◆ WHAT TO WORK ON:
Please, without the pictures, retype exactly the lines from the start of the material through the line that holds "Kate Spade Gold Leather Quinn Wellesley Tote".

◆ DATA PROVIDED:
───
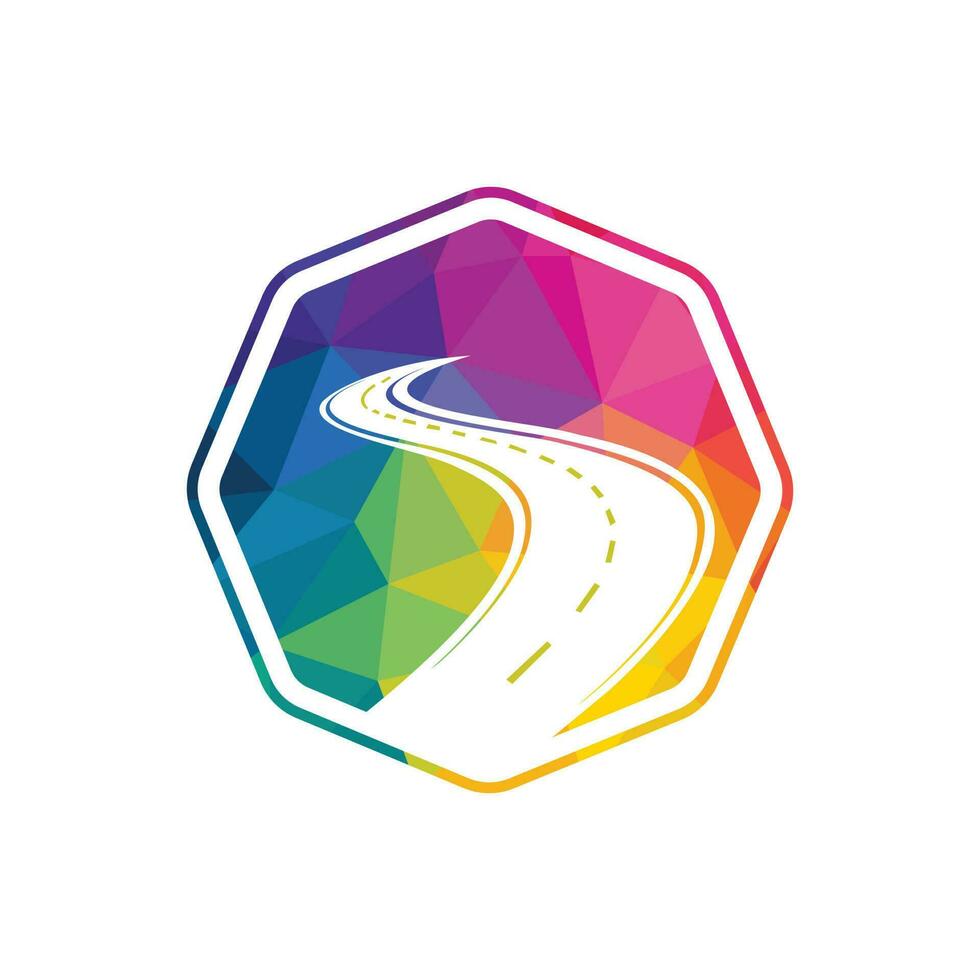 Creative road journey logo design. Road logo vector design template.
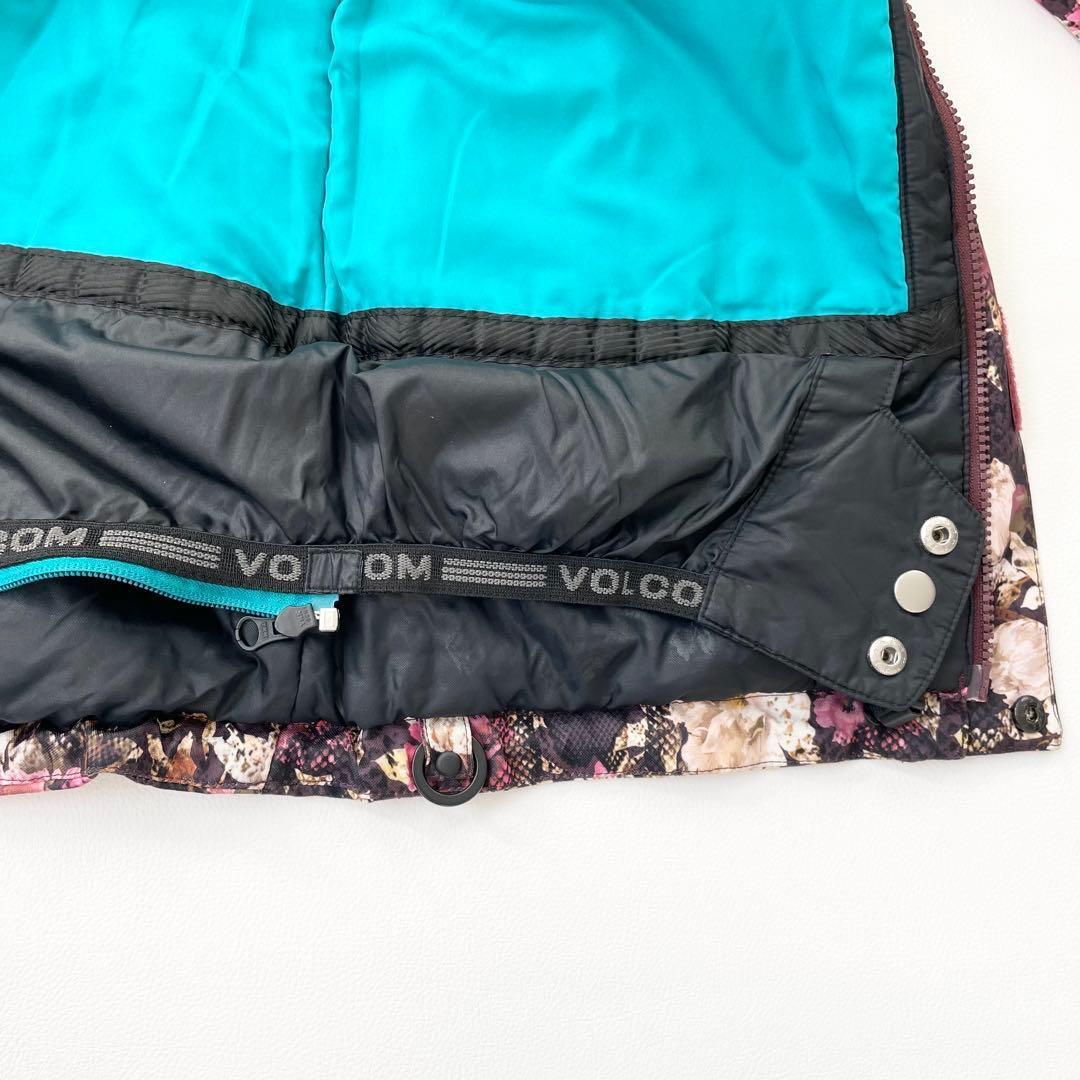 4459【美品】ボルコム ジャケット スノボウェア レディース 花柄 耐水性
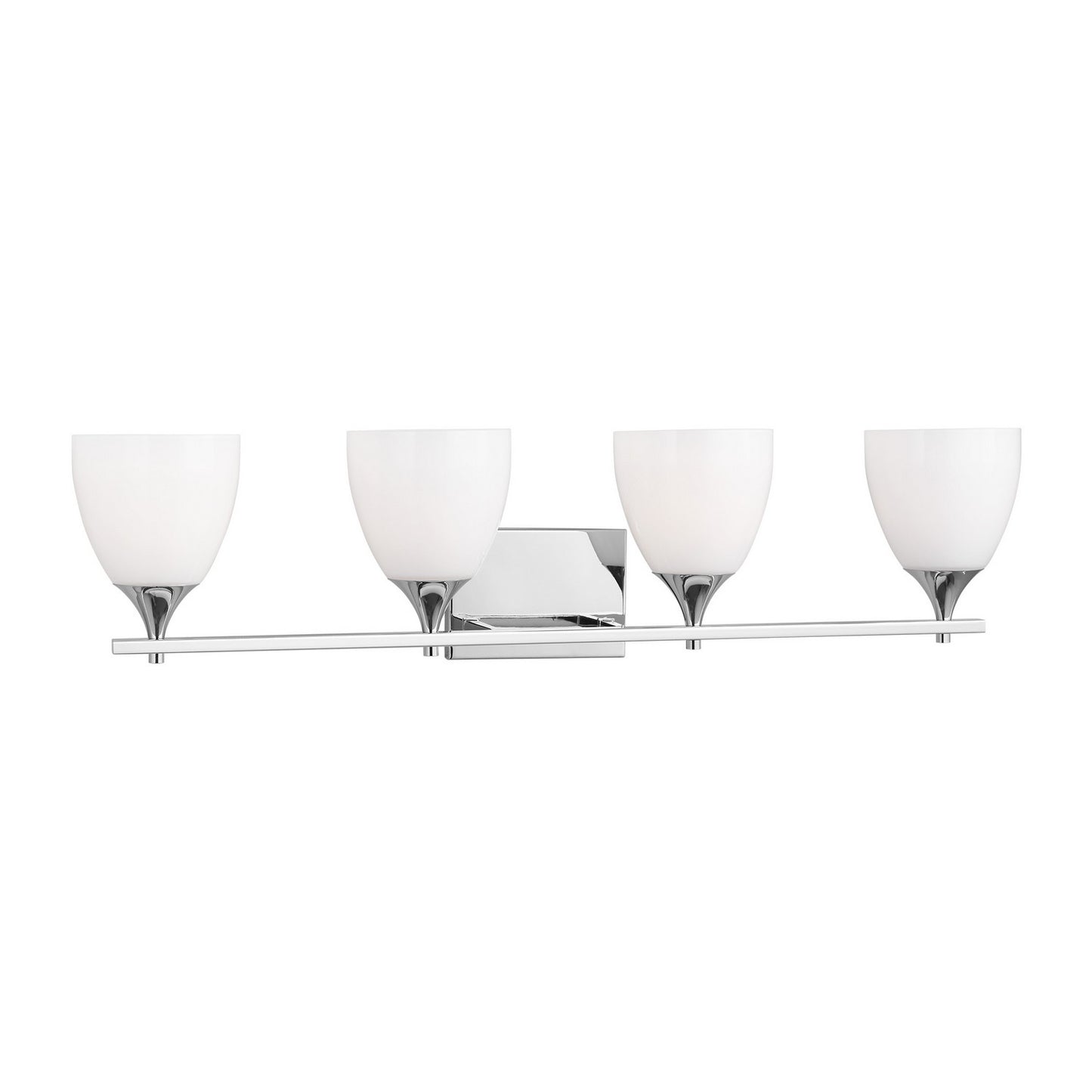 Toffino Four Light Bath in Chrome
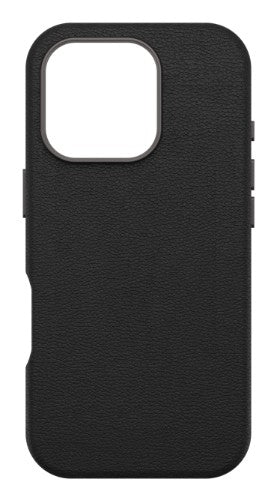 OtterBox Symmetry Series Cactus Leather for MagSafe for iPhone 16 Pro, Noir Ash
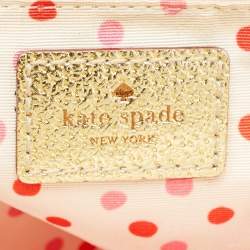 Kate Spade Gold Leather Quinn Wellesley Tote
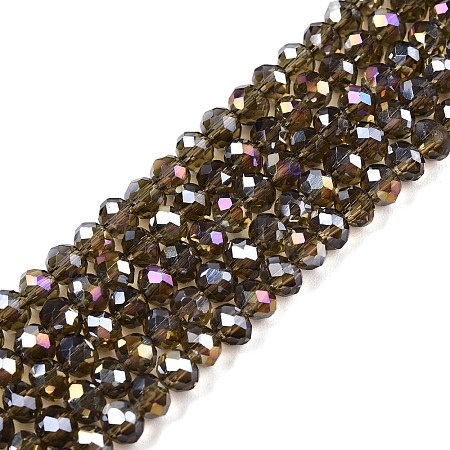 Electroplate Glass Beads Strands EGLA-A034-T6mm-B19-1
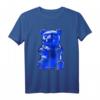 Blauer Gummibär T-Shirt  Bären Liebhaber Design in bunten Farben, perfekt für Süßigkeitenfans und Gummibären Enthusiasten
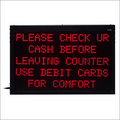 Led Message Boards Application: Commercial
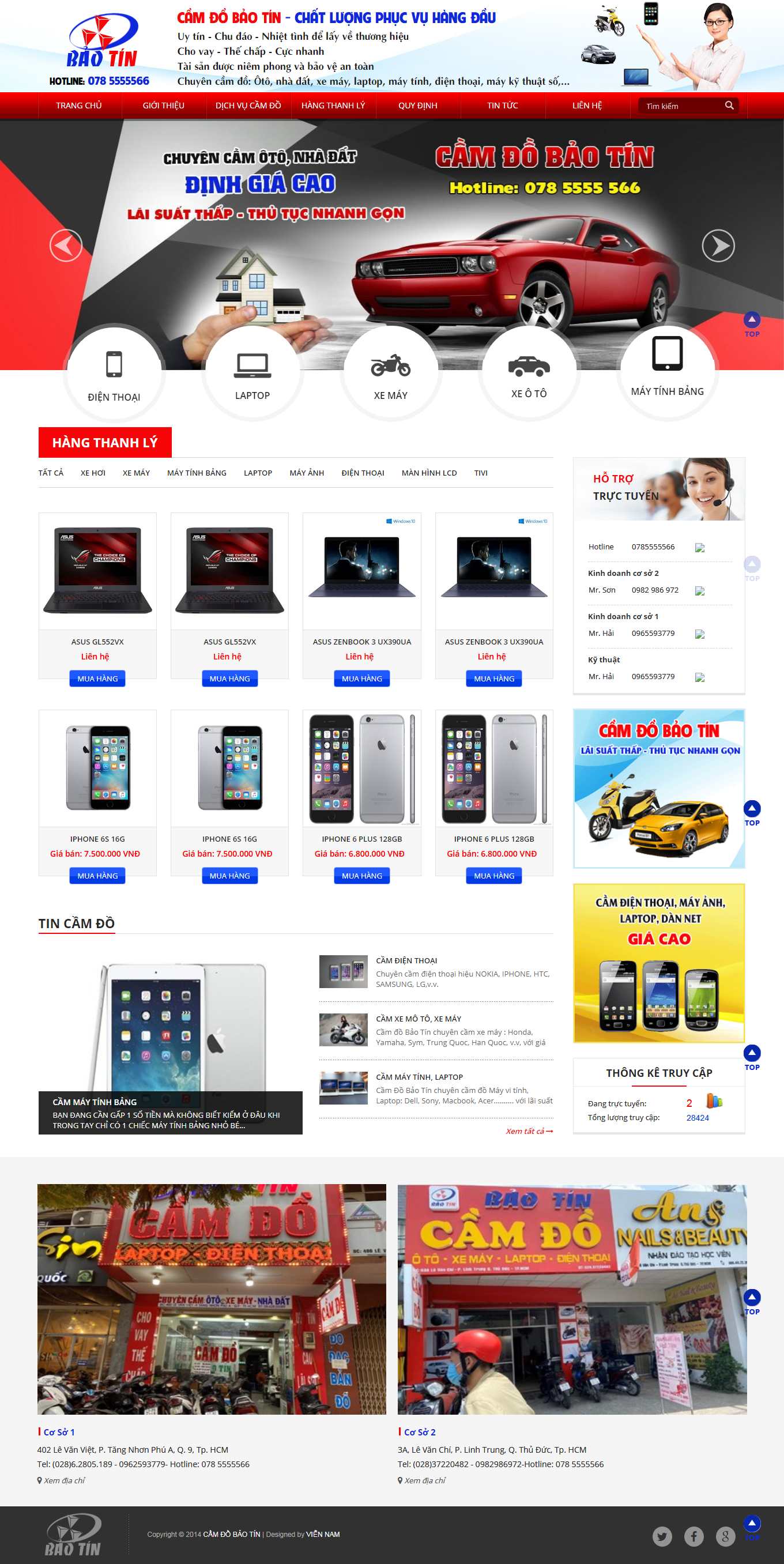 [dichvucamdoletruc] Thiết kế Website Web cầm đồ uy tín - camdobaotinvn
───
◆ SOLUTION TO THIS TASK:
 Creative road journey logo design. Road logo vector design template.
 4459【美品】ボルコム ジャケット スノボウェア レディース 花柄 耐水性
 Toffino Four Light Bath in Chrome
 OtterBox Symmetry Series Cactus Leather for MagSafe for iPhone 16 Pro, Noir Ash
 Kate Spade Gold Leather Quinn Wellesley Tote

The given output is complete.